As Spain is likely to be the main commercial beneficiary of this folly, I can only say thanks.

Equally here in Europe people might like to note (as I explain in my review of Marty Feldman's paper) that the countries that swim are likely to be those who attract immigrants, and those who sink (watch out Germany, Denmark, Austria) are likely to be those who fail to really make them feel welcome.

S.M. Stirling said...

"Perhaps, but you don't want a situation where immigrants feel the state is actually opposed to the preservation of their culture."

-- why not? If you want to preserve "your" culture(*), stay where it predominates.

If you move to a different environment, it's up to you to change and fit in. After all, emigration is a right but immigration is a privilege.

I might point out that the US government has always been frankly hostile to maintenance of immigrant languages -- and very successfully so. Immigrants, recent ones included, become English-speaking monoglots very rapidly and then intermarry with the previous populations.

And despite occasional outbreaks of nativist frenzy, in general immigrants who assimilate are welcomed as full members of the American nation.

(*) keep in mind that "your" culture is not genetic. It's not like your skin color. It's more like your clothing. A baby has no cultural identity and an adult can mix, match and switch too, if with somewhat more difficulty.
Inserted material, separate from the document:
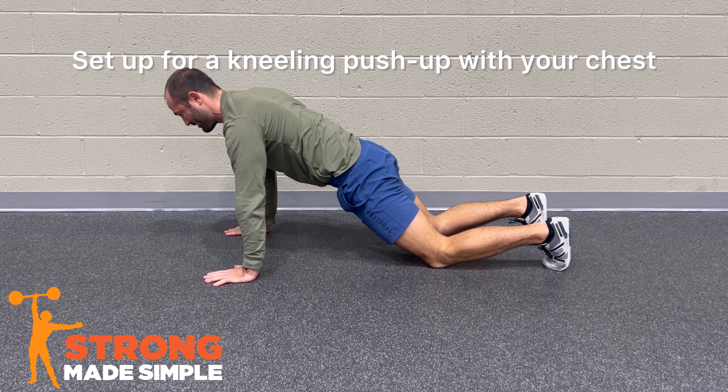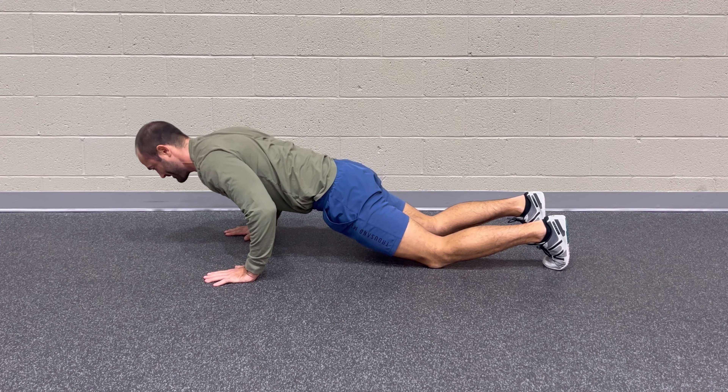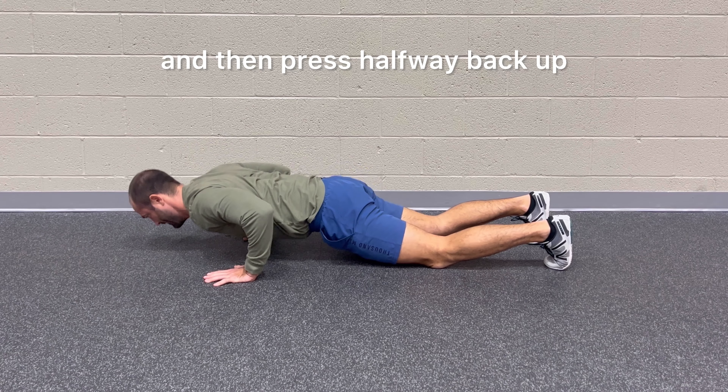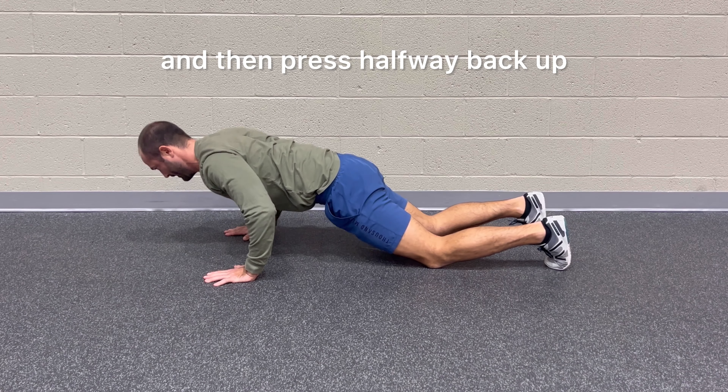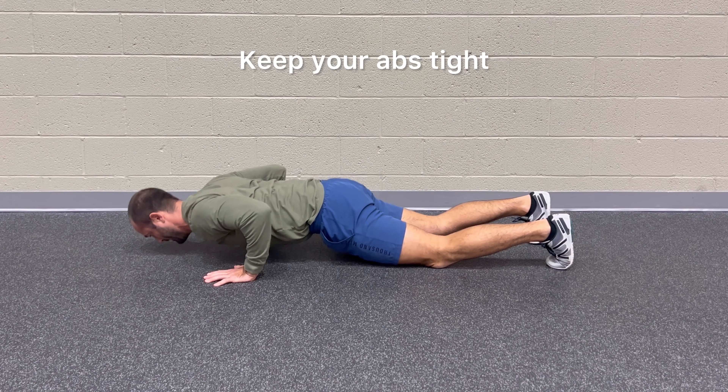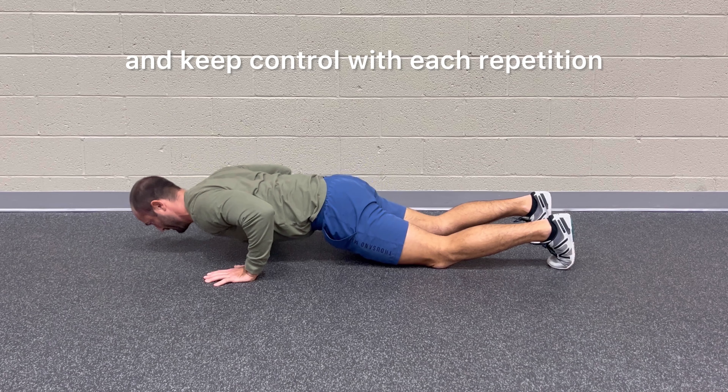Set up for a kneeling push-up with your chest position over your hands. Lower your body down to where your chest is close to the floor and then press halfway back up. Then lower your chest back down to the floor. Keep your abs tight and keep control with each repetition.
Eg., I know a woman all four of whose grandparents were Japanese. She speaks about six words of Japanese... among them "sushi" and "tempura". Has she "lost her language and culture"?

Of course not. She's got a perfectly good language and culture -- English and Overseas European (Anglo-American subgroup), respectively. And they're just as much hers as they are her husband's.

All four of _his_ grandparents came from England. They have three children. Genetically they're half Japanese. Culturally, less than 0.1%, and that's acquired from the general environment, not their parents.

S.M. Stirling said...

Also, one should be wary of statistics about births "in Rome" or "in Amsterdam". The juridicial limits of the city are one thing, the metropolitan area is quite another and more significant demographically.